Stemcell treatments to improve function having been tried lack evidence from large samples and long observation. The University of Modena and Reggio Emilia is attempting to create a neo-turbinate from basal cells of the turbinate.

==Outcomes==
Data measuring the prevalence of Empty Nose Syndrome (ENS) after turbinate surgery is limited to a few single surgeon studies with variable results. Measuring prevalence is challenging as ENS symptoms may not show up for many years after the surgery and the surgeon may no longer be following the patients. Quantifying prevalence will also depend on a valid, standardized definition.

The lack of a reliable epidemiological study or ICD-10 code makes it difficult to understand the incidence of ENS. Qualitative feedback from ENTs that treat this disease indicate that the incidence is underestimated but the condition is debilitating for those that have it.

Untreated, the condition can cause significant and long term physical and emotional distress in some people; some of the initial presentations on the condition described people who committed suicide. Research on safety and efficacy of existing treatments is limited to a handful of published studies with a small number of participants and self-reported results from specialists treating this condition.

==History==
As early as 1914, Dr Albert Mason reported cases of "a condition resembling atrophic rhinitis" with "a dryness of the nose and throat" following turbinectomy. Mason called the turbinates "the most important organ in the nose" and claimed they were "slaughtered and removed with discriminate abandon more than any other part of the body, with the possible exception of the prepuce." He recommended that true and compensatory hypertrophy be distinguished and that the removal of septal spurs could treat the latter.

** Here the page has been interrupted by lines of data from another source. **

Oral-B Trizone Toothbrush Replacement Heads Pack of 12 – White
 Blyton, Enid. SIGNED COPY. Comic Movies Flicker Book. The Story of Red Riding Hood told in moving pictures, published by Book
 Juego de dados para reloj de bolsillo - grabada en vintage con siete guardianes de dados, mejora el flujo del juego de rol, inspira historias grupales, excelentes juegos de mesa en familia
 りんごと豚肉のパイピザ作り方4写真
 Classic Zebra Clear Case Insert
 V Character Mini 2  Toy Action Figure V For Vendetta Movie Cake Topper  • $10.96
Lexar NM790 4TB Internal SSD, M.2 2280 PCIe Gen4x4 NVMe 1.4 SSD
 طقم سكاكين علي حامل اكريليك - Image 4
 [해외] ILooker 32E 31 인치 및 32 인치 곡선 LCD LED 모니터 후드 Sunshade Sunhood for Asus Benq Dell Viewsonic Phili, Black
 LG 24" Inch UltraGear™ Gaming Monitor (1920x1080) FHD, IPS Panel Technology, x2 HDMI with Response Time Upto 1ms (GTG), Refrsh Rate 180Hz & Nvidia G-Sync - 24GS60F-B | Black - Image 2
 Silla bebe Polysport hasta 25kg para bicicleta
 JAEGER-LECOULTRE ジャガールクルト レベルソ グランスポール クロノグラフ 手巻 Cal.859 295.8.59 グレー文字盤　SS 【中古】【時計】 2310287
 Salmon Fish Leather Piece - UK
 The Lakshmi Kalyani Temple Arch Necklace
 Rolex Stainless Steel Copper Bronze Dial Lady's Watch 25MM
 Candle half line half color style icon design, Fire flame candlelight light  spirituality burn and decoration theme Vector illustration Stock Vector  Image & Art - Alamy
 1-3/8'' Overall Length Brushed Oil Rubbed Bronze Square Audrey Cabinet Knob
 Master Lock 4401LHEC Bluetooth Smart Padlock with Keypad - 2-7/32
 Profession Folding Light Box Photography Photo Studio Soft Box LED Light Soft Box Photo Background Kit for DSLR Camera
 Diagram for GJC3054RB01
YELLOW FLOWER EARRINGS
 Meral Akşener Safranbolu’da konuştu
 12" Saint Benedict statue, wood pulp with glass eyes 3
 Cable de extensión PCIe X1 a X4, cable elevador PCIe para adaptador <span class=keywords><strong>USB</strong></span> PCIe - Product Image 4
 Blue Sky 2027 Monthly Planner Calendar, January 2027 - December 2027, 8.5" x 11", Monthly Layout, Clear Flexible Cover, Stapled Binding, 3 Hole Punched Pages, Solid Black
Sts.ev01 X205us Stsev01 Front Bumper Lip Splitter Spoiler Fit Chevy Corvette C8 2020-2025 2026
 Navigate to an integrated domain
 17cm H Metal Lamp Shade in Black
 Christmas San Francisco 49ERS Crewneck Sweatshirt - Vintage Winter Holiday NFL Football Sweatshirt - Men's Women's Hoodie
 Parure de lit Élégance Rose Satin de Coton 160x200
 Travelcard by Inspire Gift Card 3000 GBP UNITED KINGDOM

The term "Empty Nose Syndrome" was first used by Eugene Kern and Monika Stenkvist of the Mayo Clinic in 1994. Kern and Eric Moore published a case study of 242 people with secondary atrophic rhinitis in 2001 and were the first to attribute the cause to prior sinonasal surgery in the scientific literature. Whether the condition existed or not and whether surgery was a cause, was hotly debated at Nose 2000, a meeting of the International Rhinologic Society that occurs every four years, and continued to be debated thereafter at scientific meetings and in the literature; as an example of how heated the debate became, in a 2002 textbook on nasal reconstruction techniques, two surgeons from University of Utrecht called turbinectomies a "nasal crime".

==Society and culture==
Many people with ENS symptoms commonly encounter doctors who consider their symptoms to be purely psychological. Recognition among rhinologists has been growing.

People who experience ENS have formed online communities and websites to support one another and to advocate for recognition, prevention, and treatments for ENS.

Empty nose syndrome has been a controversial topic in China. A 2017 article in Sixth Tone reported that Chinese patients with ENS symptoms were often told by doctors that the symptoms were psychological or fabricated, and that no formal support organizations existed, leaving patients to form online groups. The same article quoted an otolaryngologist who estimated that about 20% of patients who undergo turbinate reduction surgery in China develop the condition. It also reported that in 2013, Lian Enqing, who believed that nasal surgery had left him with empty nose syndrome, killed the head of the otolaryngology department at a hospital in Wenling, Zhejiang, and injured two other people.